• **REQUIRED WORK**
Leave out the pictures and output exactly the lines below from the one with "Affordable Studio Unit" down to the one with "Duy Nam Võ (DYNAMITE🔥)2", both of them included.

Short web captions
• • • • • • •

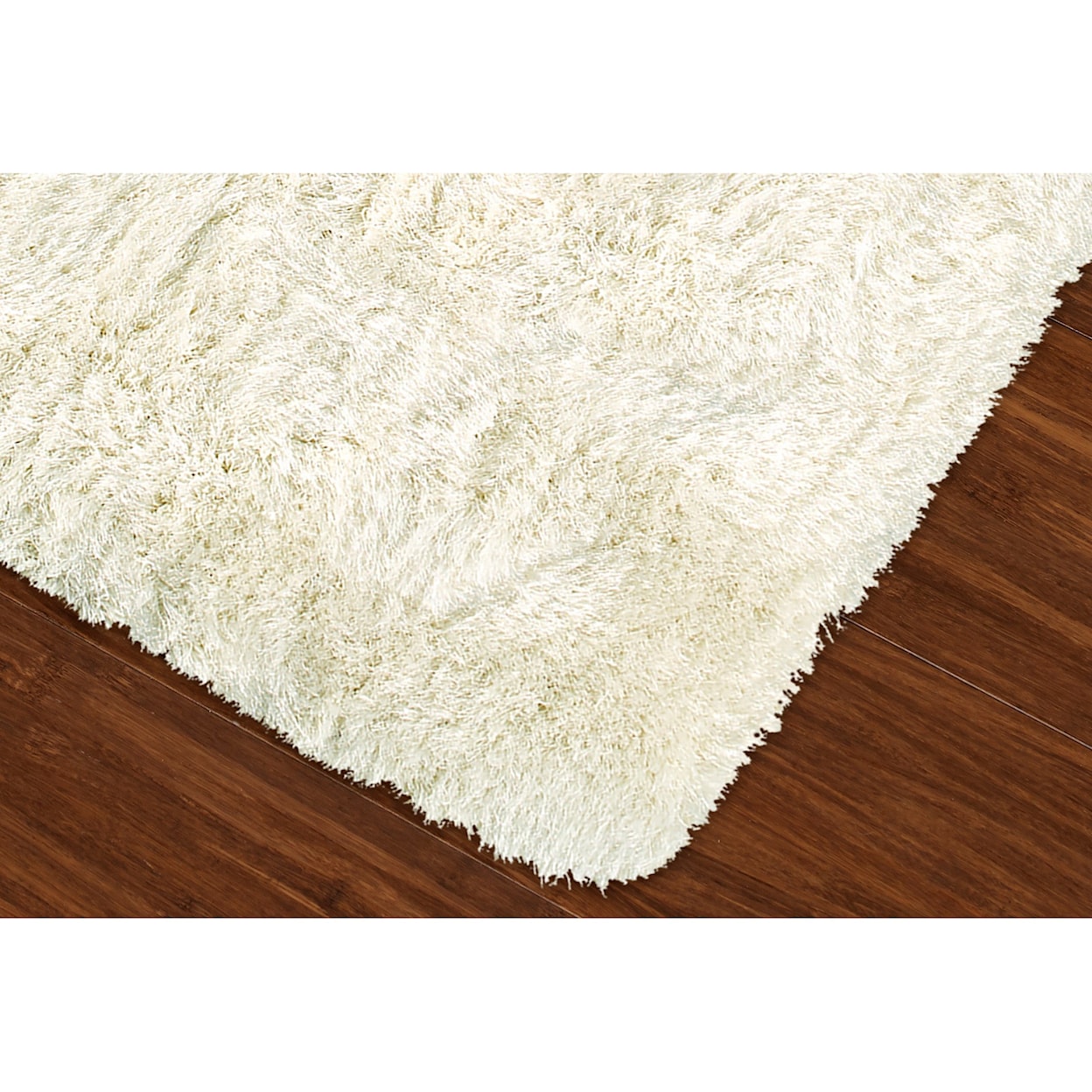 Dalyn Impact Ivory 9'X13' Area Rug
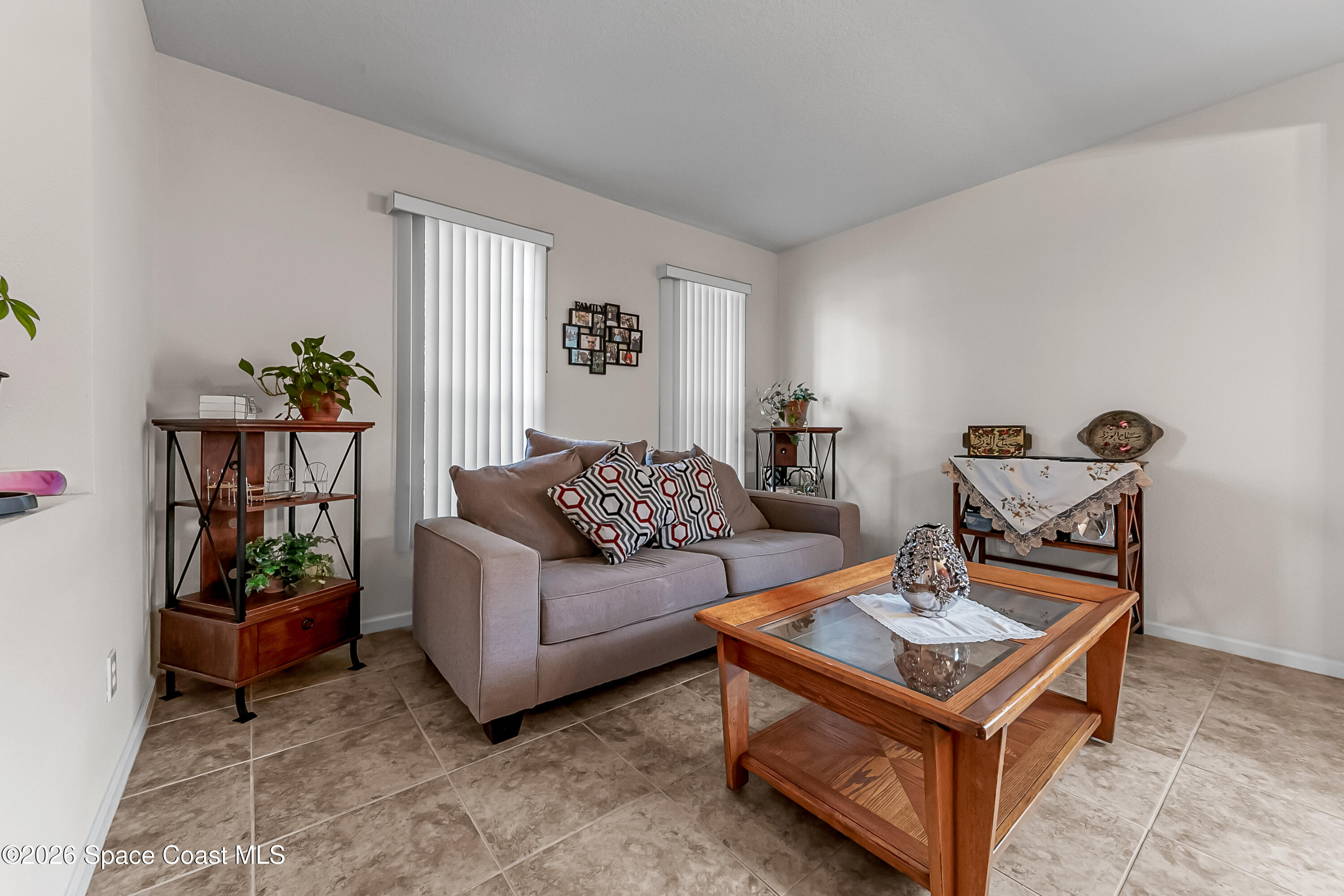 3767 Mount Carmel Lane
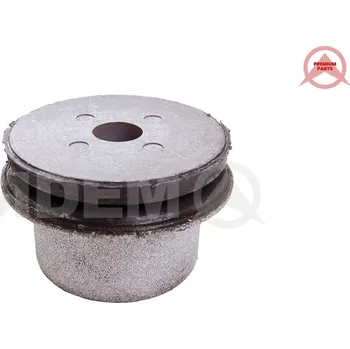 Autodíl Uložení, řídicí mechanismus SIDEM 837733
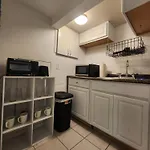 Affordable Studio Unit Close To Nyc Landmarks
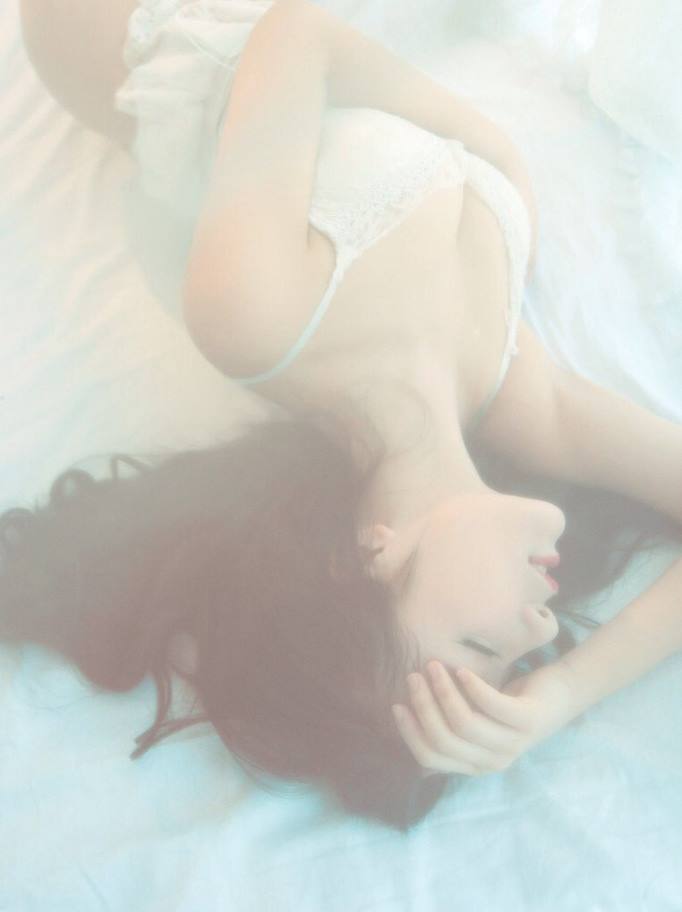 歐美在線免費
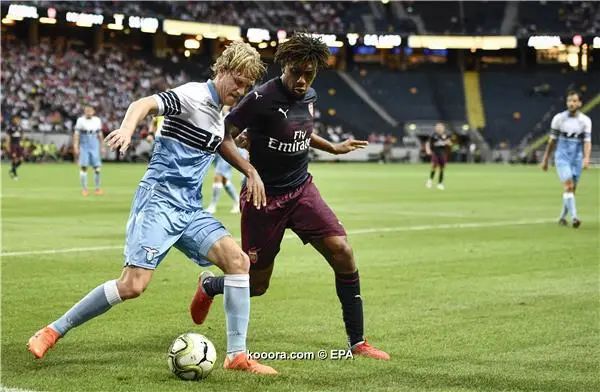 ?i=epa%2fsoccer%2f2018-08%2f2018-08-04%2f2018-08-04-06927658_epa
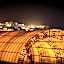 Dar Wassim El Ghali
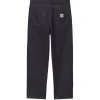 Landon Pant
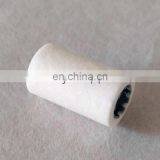 NewJ5700-11132B5 CNG Natural Gas Filter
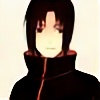 lapkspur's avatar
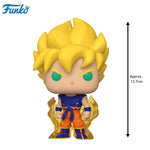 HPDX-Funko-48600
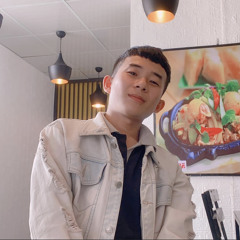 Duy Nam Võ (DYNAMITE🔥)2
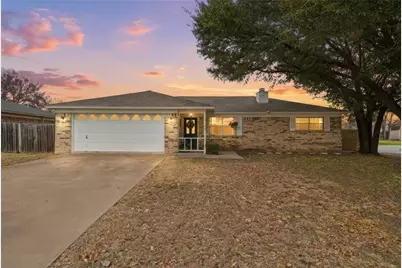 178 Norwood Drive, Waco, TX 76712 - Photo 1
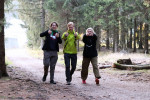 2024-10-21-studenov-29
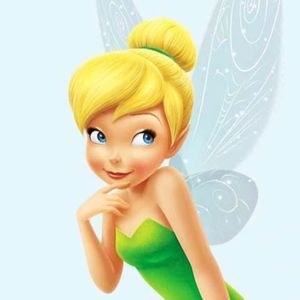 Meet your Posher, Dayana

• • • • • • •

• **EXPECTED ANSWER**
 Affordable Studio Unit Close To Nyc Landmarks
 歐美在線免費
 ?i=epa%2fsoccer%2f2018-08%2f2018-08-04%2f2018-08-04-06927658_epa
 Dar Wassim El Ghali
 Landon Pant
 NewJ5700-11132B5 CNG Natural Gas Filter
 lapkspur's avatar
 HPDX-Funko-48600
 Duy Nam Võ (DYNAMITE🔥)2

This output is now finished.